BEGIN MATERIALS PROVIDED
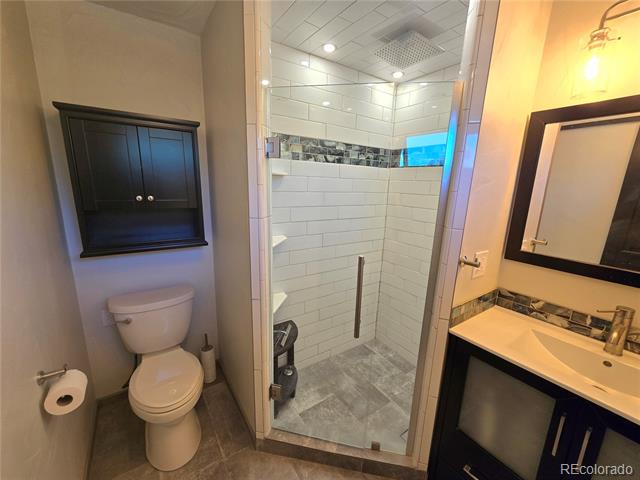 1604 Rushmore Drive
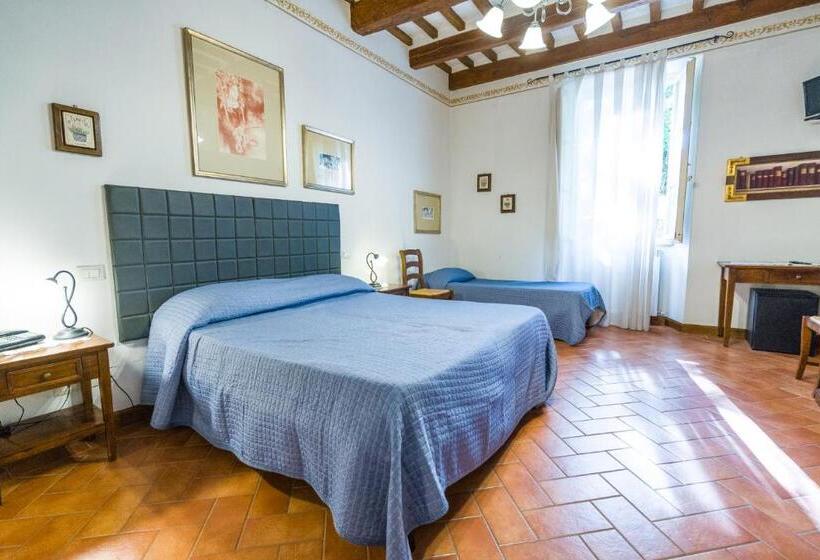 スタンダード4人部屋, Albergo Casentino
END MATERIALS PROVIDED
BEGIN MATERIALS PROVIDED
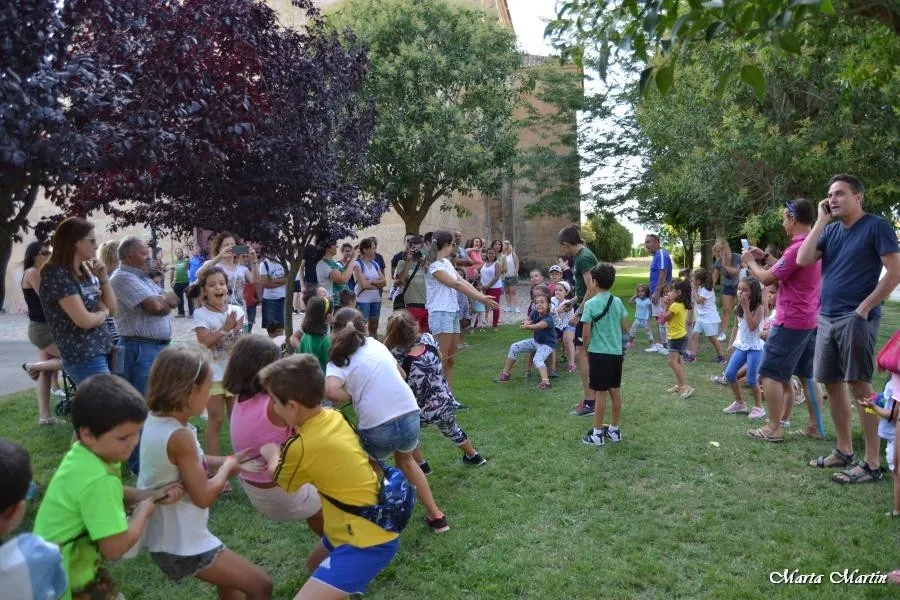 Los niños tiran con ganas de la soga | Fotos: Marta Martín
END MATERIALS PROVIDED
BEGIN MATERIALS PROVIDED
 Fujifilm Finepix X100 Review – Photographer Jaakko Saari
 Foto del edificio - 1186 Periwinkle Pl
END MATERIALS PROVIDED
All lines above from the one containing "1604 Rushmore Drive" up to and including the one containing "スタンダード4人部屋, Albergo Casentino" are to be set down exactly, and nothing else. Leave images out.

 1604 Rushmore Drive
 スタンダード4人部屋, Albergo Casentino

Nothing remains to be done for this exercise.